Extracted entries ->

:::

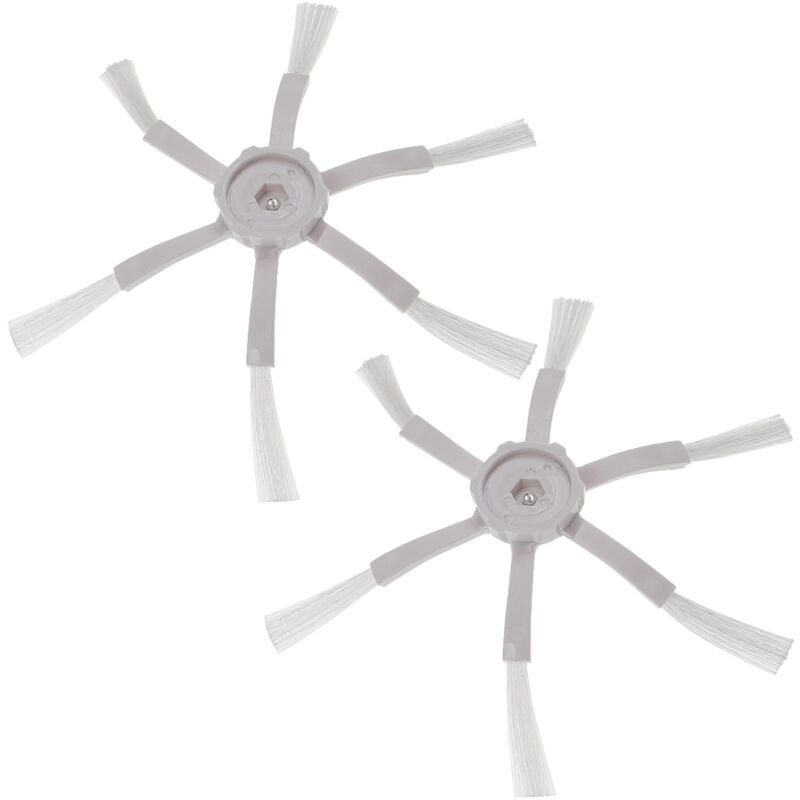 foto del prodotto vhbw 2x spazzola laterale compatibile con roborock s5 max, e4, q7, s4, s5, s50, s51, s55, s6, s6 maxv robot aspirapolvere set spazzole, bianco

:::

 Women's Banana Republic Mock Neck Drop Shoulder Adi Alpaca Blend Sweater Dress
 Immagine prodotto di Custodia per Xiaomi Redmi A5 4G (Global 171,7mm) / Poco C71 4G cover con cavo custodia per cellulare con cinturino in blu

:::

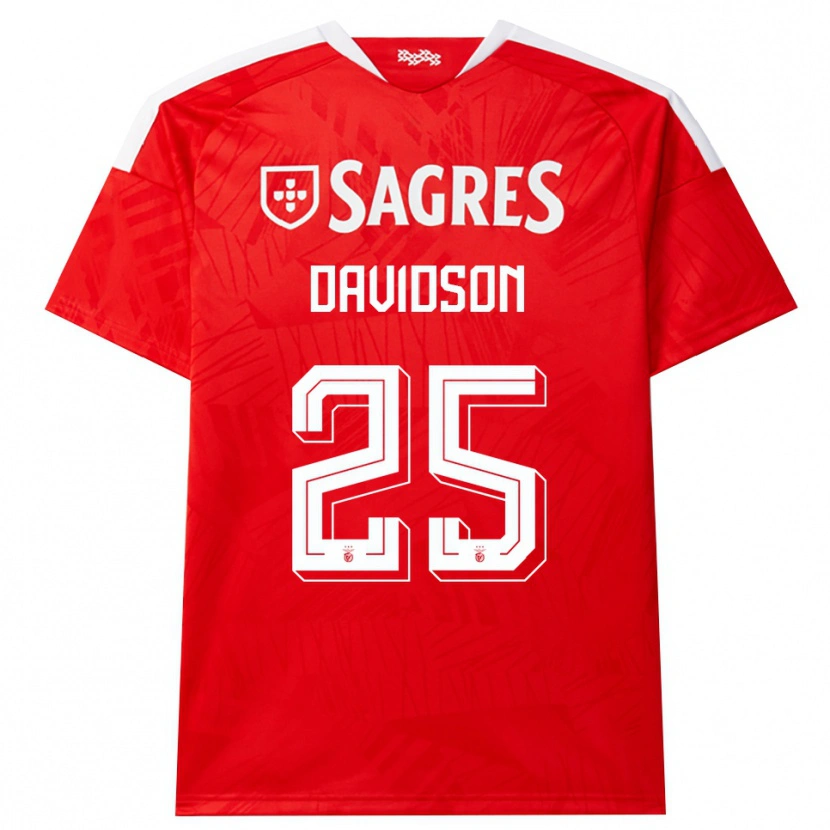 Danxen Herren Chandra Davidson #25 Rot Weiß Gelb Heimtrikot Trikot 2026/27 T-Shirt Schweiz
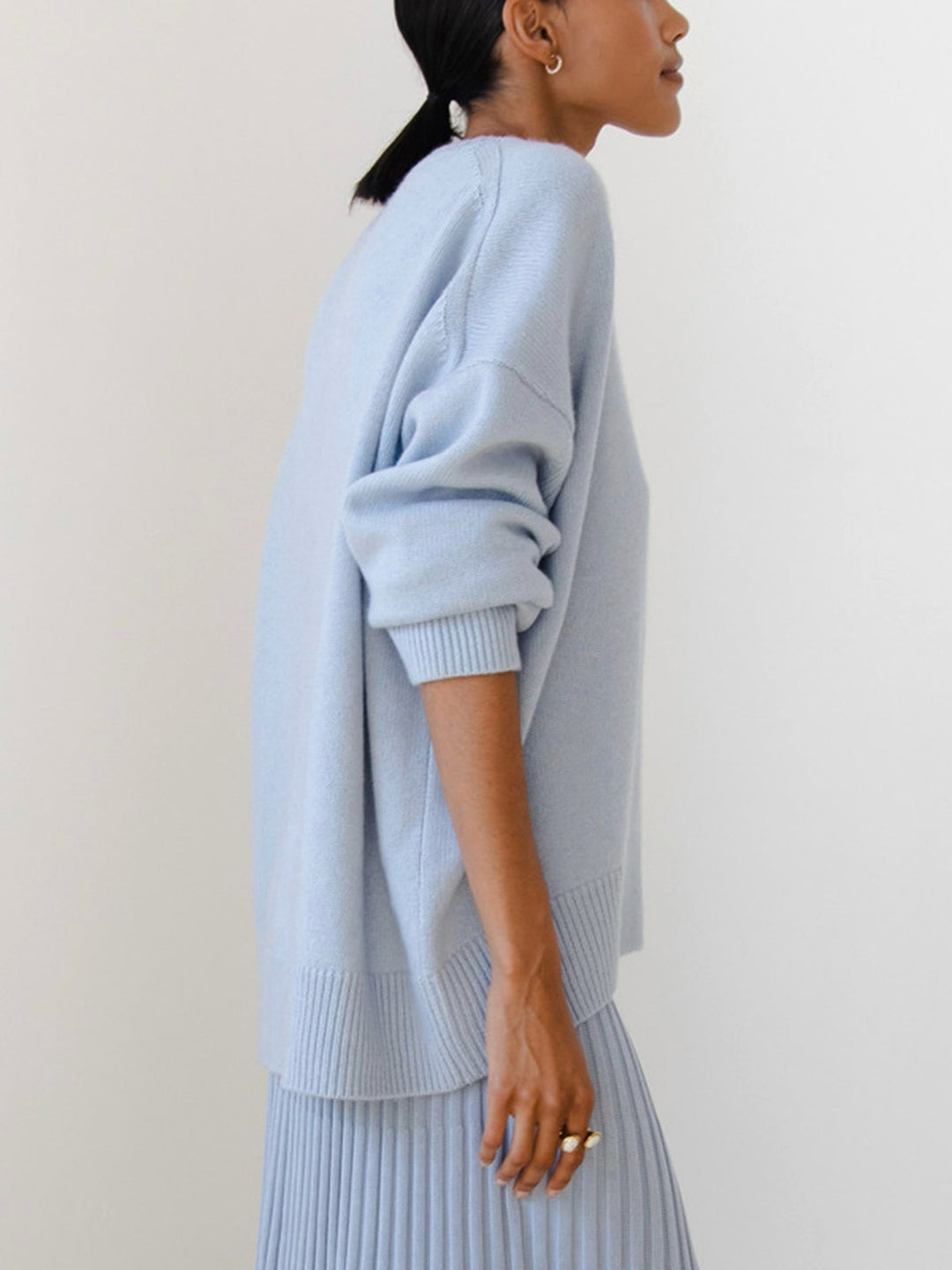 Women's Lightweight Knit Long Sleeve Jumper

:::

Exercise -> Copy, exactly and only, the lines above that begin with the one containing "Women's Banana Republic" and finish with the one containing "Immagine prodotto di".

Problem solution ->
 Women's Banana Republic Mock Neck Drop Shoulder Adi Alpaca Blend Sweater Dress
 Immagine prodotto di Custodia per Xiaomi Redmi A5 4G (Global 171,7mm) / Poco C71 4G cover con cavo custodia per cellulare con cinturino in blu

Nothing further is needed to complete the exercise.